Peggy Waleska

Personal information
- Born: 11 April 1980 (age 46) Pirna, Bezirk Dresden, East Germany
- Height: 180 cm (5 ft 11 in)
- Weight: 69 kg (152 lb)

Sport
- Sport: Rowing
- Club: Pirnaer Ruderverein 1872

Medal record
Women's rowing
Representing Germany
Olympic Games
| Silver medal – second place | 2004 Athens | Double sculls |
World Rowing Championships
| Gold medal – first place | 2001 Lucerne | Women's quad |
| Gold medal – first place | 2002 Seville | Women's quad |
| Bronze medal – third place | 2003 Milan | Quad Sculls |
| Bronze medal – third place | 2009 Poznan | Quad Sculls |

= Peggy Waleska =

German rower

Peggy Waleska (born 11 April 1980) is a German rower.
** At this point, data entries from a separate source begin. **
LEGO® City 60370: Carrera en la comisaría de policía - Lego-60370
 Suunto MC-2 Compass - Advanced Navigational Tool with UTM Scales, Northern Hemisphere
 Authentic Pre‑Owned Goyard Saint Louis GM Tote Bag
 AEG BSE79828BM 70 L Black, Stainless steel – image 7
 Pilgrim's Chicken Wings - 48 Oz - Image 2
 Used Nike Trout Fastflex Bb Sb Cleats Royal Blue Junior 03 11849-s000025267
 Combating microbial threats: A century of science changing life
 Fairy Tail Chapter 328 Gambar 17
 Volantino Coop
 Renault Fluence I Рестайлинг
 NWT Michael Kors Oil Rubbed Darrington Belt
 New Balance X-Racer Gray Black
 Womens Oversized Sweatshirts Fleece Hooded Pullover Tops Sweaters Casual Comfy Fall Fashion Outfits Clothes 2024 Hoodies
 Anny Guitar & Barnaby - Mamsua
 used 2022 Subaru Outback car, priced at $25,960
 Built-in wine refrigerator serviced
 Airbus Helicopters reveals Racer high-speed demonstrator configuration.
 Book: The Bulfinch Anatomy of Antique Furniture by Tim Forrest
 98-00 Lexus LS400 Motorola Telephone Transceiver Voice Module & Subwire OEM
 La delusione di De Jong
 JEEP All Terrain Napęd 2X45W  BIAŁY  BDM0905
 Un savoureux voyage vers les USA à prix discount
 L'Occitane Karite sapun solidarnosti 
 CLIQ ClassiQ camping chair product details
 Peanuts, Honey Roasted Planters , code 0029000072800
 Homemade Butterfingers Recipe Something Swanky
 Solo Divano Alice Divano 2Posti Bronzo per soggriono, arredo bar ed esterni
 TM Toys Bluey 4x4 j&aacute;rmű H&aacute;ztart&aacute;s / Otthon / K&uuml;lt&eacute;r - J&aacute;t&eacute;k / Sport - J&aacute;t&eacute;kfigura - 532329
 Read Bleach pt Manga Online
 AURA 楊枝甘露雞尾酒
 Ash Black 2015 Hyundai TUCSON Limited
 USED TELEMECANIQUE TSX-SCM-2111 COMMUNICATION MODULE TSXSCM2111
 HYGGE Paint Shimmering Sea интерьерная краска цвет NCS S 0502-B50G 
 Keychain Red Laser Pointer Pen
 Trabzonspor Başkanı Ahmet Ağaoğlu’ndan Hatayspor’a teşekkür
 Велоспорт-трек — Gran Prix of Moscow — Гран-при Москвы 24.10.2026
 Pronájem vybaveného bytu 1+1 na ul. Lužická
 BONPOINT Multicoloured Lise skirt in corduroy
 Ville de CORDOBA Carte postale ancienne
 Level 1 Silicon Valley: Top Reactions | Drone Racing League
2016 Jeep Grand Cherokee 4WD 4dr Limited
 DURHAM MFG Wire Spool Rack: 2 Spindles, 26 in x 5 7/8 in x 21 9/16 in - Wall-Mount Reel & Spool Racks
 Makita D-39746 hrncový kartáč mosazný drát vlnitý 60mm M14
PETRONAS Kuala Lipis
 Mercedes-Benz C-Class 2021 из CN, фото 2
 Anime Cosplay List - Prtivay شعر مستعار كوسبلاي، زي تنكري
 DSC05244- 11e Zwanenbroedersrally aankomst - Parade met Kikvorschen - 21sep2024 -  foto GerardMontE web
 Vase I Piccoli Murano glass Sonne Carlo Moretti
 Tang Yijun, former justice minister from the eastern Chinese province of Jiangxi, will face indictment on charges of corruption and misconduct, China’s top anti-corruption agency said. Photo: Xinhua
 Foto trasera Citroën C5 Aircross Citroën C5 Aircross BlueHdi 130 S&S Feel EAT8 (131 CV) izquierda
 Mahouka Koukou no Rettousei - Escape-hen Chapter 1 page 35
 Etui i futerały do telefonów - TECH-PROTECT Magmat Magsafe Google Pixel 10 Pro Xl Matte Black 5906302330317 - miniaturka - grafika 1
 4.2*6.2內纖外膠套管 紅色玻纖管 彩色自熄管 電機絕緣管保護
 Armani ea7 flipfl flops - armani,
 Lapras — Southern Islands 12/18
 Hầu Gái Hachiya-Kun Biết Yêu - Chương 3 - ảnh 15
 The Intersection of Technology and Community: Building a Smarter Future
Waleska was born in 1980 in Pirna, a town in Saxony. She is a world champion rower who won a gold medal in the women's quadruple sculls in Lucerne, Switzerland, in 2001 and successfully defended the title in Seville, Spain, in 2002.

At the 2004 Athens Summer Olympics, Waleska won a silver medal in the women's double sculls event.